### DATA SUPPLIED
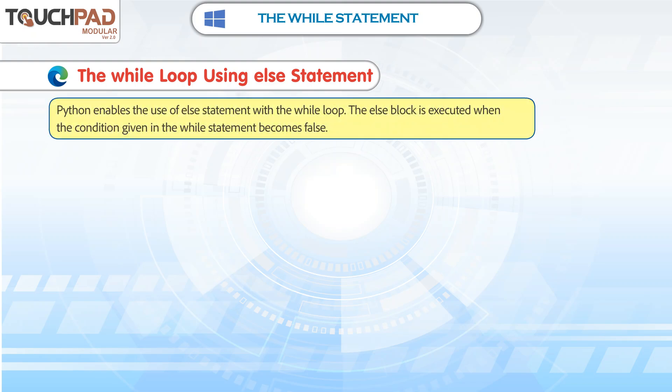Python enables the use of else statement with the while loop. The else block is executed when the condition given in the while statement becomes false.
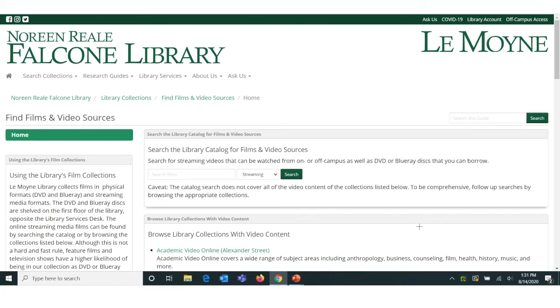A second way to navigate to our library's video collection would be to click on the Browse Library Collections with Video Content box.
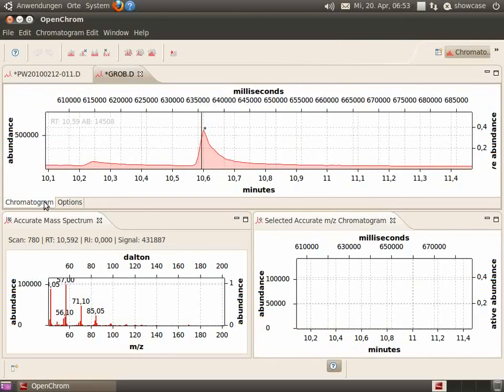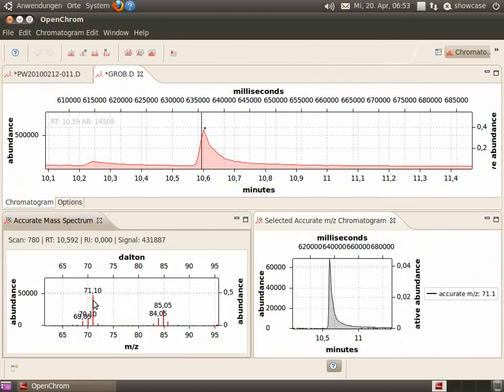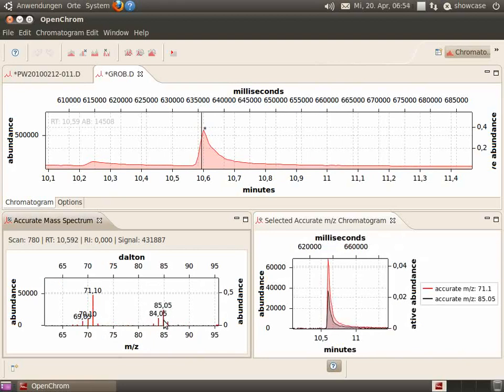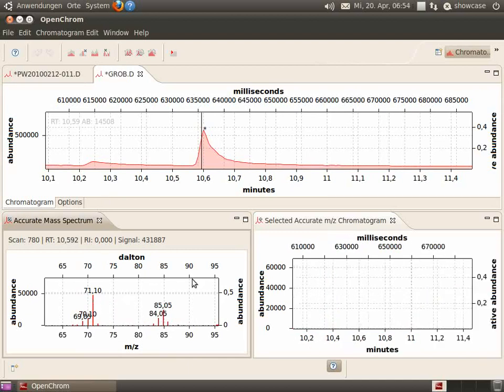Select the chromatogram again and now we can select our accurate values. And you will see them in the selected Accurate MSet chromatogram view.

--

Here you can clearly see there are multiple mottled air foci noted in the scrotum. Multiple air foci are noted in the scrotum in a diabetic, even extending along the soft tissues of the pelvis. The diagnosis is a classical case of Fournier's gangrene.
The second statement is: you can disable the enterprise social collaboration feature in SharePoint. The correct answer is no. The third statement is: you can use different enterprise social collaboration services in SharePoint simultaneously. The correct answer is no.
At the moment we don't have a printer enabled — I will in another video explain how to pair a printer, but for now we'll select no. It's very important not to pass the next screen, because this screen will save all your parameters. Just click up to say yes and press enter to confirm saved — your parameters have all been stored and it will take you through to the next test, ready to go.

### WORK ORDER
Reproduce the entries above exactly, but only the lines between the line holding "Here you can" and the line holding "At the moment", inclusive.

### RESPONSE TO THE TASK
Here you can clearly see there are multiple mottled air foci noted in the scrotum. Multiple air foci are noted in the scrotum in a diabetic, even extending along the soft tissues of the pelvis. The diagnosis is a classical case of Fournier's gangrene.
The second statement is: you can disable the enterprise social collaboration feature in SharePoint. The correct answer is no. The third statement is: you can use different enterprise social collaboration services in SharePoint simultaneously. The correct answer is no.
At the moment we don't have a printer enabled — I will in another video explain how to pair a printer, but for now we'll select no. It's very important not to pass the next screen, because this screen will save all your parameters. Just click up to say yes and press enter to confirm saved — your parameters have all been stored and it will take you through to the next test, ready to go.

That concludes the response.